| > I suspect that, although there is a market for the products, noone is interested in taking on the software they worked on. It may be extremely difficult to do that, for at least a few reasons. In some cases, the tech is going to be very niche/old, and it will be difficult for people to get up to speed on it. The business is likely built on a lot of personal contacts, and not all will want to switch to some 'newcomer'. Many of these smaller business reliant on niche software will go out of business themselves, or be acquired by larger companies that will replace the niche software and process with something else. The current customers may not actually want anything other than regular updates while paying minimal support/maintenance contracts. Someone established can live off that, but someone new will have to spend a lot of time learning, and the income may not be sufficient to justify all the learning. I worked on a project in 2018 where some of the (small) company was still running on a combination of foxpro/db2, with a bunch of custom code by an indie/solo vendor who had 'retired' probably 5 years earlier. He'd 'sold' the company to another individual who ... kept it going, but couldn't easily deal with new needs (new reports, etc). Another vendor did an upgrade on the hosting server, and nothing worked after that. The upgrade was a base NT upgrade, and there wasn't any easy way to 'go back' quickly. Things ran off an RDP session to a laptop in Canada running some weird trial emulation tool under windows 7 (this was how it was translated to me from various parties). |
I have seen quite a few of these cases where a larger company buys the old one (essentially to get a list of their current customers) and then terminates the product replacing it with some crappy new stuff that usually completely fails to work, but in this case the soon-to-retire programmer at least gets some (little) money (and knowledge is lost forever).

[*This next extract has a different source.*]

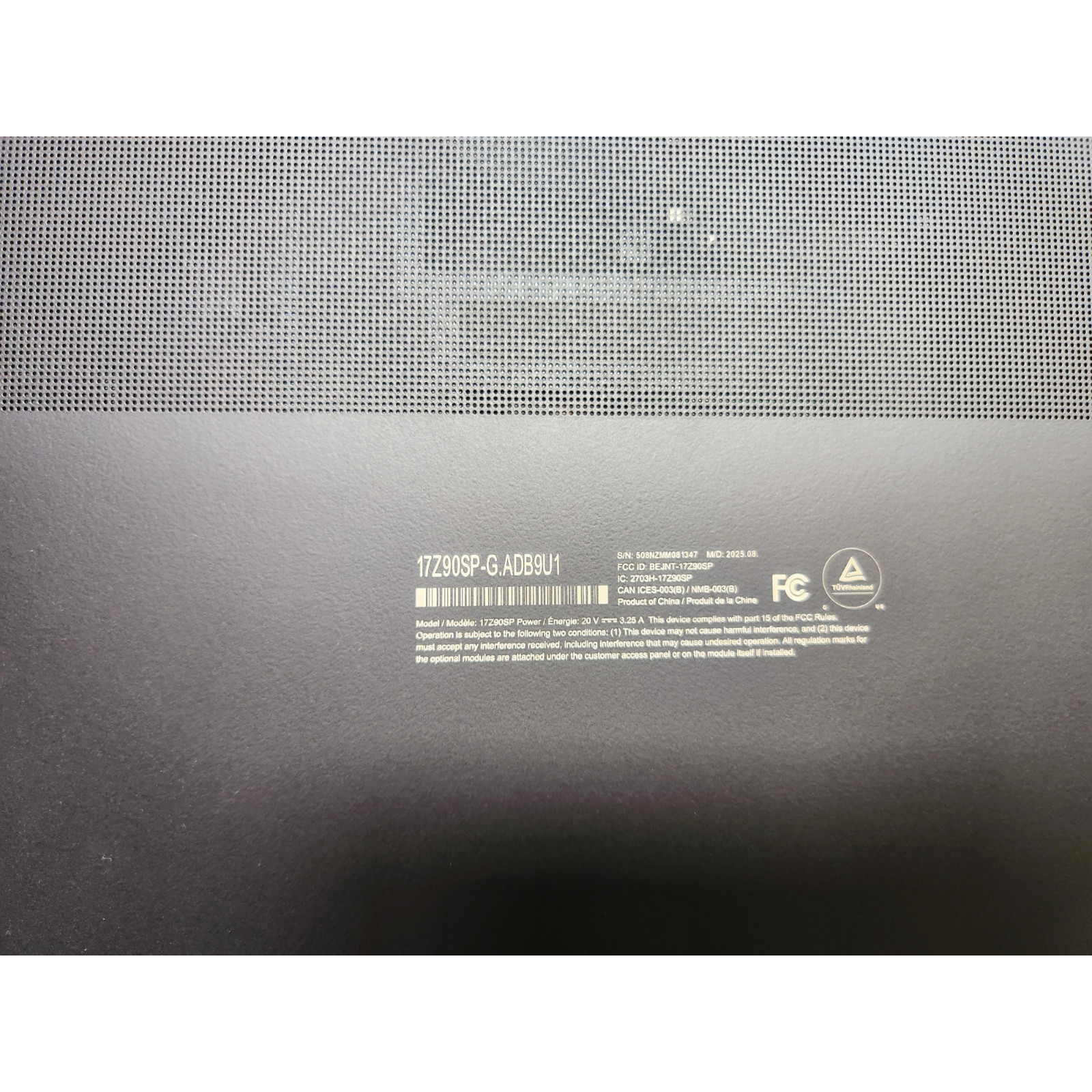 LG Gram Pro 17″ WQXGA Intel Ultra 7 32GB RAM 2TB SSD Win 11 Home, Black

But if the one man company is going to shut down because the programmer is going to retire, the acquisition cost for a young, willing programmer is 0.
This hypothetical young programmer could - I believe - invest some time to understand not so much the actual codebase, but rather the workflow of the program and re-write it along that same workflow in a new language/platform/whatever.
I am pretty sure that those niche users would be ready to pay a fair amount of money to have something modern/updated that actually works and works like the old one.
What I have seen often is that the new program, for no real reason, has been written by someone that most probably is much more brilliant at programming but that knows nothing about how the program is actually used, has no idea about how to deal with some "edge" cases (that already surely happened in the tens of years of life of the old software), etc., in some ways it is like all the experience accumulated over the years is suddenly lost and the new program repeats the same (or worse) mistakes/issues that already happened (and that were already solved).
Maybe the problem is that there is not an easy way to tell to the world "I am going to retire, any taker?"